* **PROBLEM TO WORK ON**
Retype the line containing "Old Money Polo T shirt| Baby Pink" and each later line through the end of the listing, exactly as written, with no other lines.

* **SOURCE DATA**

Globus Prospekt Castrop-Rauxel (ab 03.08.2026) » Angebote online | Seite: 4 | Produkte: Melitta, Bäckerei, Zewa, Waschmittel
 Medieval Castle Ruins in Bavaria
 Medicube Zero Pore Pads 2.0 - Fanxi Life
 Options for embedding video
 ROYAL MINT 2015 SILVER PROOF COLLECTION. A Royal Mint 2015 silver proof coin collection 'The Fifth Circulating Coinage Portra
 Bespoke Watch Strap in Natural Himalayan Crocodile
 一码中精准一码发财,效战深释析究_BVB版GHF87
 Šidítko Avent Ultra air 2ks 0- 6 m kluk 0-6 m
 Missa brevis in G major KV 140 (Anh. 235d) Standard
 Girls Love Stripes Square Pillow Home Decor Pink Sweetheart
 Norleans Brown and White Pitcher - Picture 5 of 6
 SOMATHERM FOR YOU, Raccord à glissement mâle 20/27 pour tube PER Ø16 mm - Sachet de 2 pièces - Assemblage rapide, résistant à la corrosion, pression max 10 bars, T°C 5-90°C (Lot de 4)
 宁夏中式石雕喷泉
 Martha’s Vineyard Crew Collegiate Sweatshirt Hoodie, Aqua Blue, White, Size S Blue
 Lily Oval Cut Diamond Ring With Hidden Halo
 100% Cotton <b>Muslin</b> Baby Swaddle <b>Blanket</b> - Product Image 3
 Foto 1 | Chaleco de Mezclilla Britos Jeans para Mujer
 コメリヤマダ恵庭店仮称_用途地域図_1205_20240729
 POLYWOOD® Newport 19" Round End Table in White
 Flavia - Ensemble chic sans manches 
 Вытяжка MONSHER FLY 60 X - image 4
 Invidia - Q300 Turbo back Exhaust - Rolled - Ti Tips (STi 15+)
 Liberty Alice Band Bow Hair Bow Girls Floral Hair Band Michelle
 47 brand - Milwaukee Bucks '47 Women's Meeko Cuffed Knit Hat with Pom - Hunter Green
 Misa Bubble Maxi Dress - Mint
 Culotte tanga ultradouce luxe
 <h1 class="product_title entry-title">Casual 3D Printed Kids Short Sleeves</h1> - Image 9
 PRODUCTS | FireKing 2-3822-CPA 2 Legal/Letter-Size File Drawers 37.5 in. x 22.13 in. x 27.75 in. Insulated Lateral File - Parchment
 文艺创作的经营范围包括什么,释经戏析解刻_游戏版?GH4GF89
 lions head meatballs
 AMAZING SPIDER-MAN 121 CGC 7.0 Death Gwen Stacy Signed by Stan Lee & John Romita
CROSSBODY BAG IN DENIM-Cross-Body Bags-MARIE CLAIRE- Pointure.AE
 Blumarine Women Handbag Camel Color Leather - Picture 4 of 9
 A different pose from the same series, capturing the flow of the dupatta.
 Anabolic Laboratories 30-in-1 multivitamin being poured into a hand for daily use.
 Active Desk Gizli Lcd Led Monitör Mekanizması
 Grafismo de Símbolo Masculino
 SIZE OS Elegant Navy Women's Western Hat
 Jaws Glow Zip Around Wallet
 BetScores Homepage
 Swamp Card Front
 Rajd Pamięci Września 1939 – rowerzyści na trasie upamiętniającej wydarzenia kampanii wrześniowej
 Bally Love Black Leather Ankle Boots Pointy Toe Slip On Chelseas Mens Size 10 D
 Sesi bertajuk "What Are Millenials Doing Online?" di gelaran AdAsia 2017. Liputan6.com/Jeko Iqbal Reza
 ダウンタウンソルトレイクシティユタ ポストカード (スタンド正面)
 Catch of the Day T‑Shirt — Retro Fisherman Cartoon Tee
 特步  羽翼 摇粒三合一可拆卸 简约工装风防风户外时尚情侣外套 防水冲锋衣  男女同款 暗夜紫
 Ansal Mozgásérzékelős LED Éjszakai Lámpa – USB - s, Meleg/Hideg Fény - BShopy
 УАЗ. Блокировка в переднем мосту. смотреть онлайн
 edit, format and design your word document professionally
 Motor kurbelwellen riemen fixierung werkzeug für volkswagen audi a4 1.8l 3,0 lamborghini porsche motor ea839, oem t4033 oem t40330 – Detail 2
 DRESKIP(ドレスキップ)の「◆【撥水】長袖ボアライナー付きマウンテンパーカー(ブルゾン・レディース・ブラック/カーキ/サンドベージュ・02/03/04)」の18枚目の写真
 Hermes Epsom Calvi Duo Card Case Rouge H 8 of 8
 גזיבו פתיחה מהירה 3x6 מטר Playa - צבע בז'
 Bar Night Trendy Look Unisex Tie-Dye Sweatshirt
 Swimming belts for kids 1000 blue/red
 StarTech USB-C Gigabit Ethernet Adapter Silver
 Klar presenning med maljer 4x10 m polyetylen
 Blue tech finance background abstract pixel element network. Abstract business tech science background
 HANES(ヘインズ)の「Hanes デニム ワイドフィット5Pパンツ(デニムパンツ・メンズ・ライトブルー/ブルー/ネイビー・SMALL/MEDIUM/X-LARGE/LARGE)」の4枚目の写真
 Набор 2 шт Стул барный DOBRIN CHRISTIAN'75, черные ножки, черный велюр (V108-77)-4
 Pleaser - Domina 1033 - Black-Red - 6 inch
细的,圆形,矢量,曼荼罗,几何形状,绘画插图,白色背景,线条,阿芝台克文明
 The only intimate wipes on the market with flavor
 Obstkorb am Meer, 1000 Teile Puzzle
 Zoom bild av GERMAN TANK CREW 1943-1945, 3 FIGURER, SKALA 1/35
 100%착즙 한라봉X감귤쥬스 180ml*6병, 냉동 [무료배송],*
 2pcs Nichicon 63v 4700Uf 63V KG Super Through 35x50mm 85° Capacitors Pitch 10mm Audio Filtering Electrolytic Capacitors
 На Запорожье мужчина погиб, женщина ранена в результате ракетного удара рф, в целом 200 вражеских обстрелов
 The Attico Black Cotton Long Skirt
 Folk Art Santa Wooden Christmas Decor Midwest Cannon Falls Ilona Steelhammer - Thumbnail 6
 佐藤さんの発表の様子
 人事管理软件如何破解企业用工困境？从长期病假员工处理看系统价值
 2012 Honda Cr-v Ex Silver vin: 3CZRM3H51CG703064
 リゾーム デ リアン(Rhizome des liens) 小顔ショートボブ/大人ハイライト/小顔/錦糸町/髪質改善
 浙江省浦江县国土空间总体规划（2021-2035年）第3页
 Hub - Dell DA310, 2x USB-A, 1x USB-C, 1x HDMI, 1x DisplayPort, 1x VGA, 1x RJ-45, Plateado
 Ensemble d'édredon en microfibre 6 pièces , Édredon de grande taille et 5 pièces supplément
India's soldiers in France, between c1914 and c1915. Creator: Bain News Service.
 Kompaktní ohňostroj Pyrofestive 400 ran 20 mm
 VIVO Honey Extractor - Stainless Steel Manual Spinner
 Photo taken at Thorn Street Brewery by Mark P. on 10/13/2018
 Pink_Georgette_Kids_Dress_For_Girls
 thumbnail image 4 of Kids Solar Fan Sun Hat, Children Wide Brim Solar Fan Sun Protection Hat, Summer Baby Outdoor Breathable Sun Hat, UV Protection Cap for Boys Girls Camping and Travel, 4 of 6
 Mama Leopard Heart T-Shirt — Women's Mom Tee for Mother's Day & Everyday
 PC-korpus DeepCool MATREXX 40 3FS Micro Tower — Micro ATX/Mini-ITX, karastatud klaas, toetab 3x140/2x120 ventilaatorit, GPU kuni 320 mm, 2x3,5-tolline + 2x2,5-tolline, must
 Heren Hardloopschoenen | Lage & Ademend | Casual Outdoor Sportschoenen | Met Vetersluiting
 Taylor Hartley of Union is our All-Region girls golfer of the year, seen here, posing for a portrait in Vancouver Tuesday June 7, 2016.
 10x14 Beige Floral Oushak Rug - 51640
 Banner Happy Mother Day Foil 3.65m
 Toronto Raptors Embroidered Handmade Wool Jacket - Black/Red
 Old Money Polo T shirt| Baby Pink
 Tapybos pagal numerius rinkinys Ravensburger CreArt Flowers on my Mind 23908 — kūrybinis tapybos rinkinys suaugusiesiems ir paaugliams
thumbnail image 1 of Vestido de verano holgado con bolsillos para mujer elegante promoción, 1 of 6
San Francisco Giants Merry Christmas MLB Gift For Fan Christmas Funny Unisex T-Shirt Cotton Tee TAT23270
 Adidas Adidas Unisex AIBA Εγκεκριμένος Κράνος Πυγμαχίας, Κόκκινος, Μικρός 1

* **EXERCISE RESULT**
 Old Money Polo T shirt| Baby Pink
 Tapybos pagal numerius rinkinys Ravensburger CreArt Flowers on my Mind 23908 — kūrybinis tapybos rinkinys suaugusiesiems ir paaugliams
thumbnail image 1 of Vestido de verano holgado con bolsillos para mujer elegante promoción, 1 of 6
San Francisco Giants Merry Christmas MLB Gift For Fan Christmas Funny Unisex T-Shirt Cotton Tee TAT23270
 Adidas Adidas Unisex AIBA Εγκεκριμένος Κράνος Πυγμαχίας, Κόκκινος, Μικρός 1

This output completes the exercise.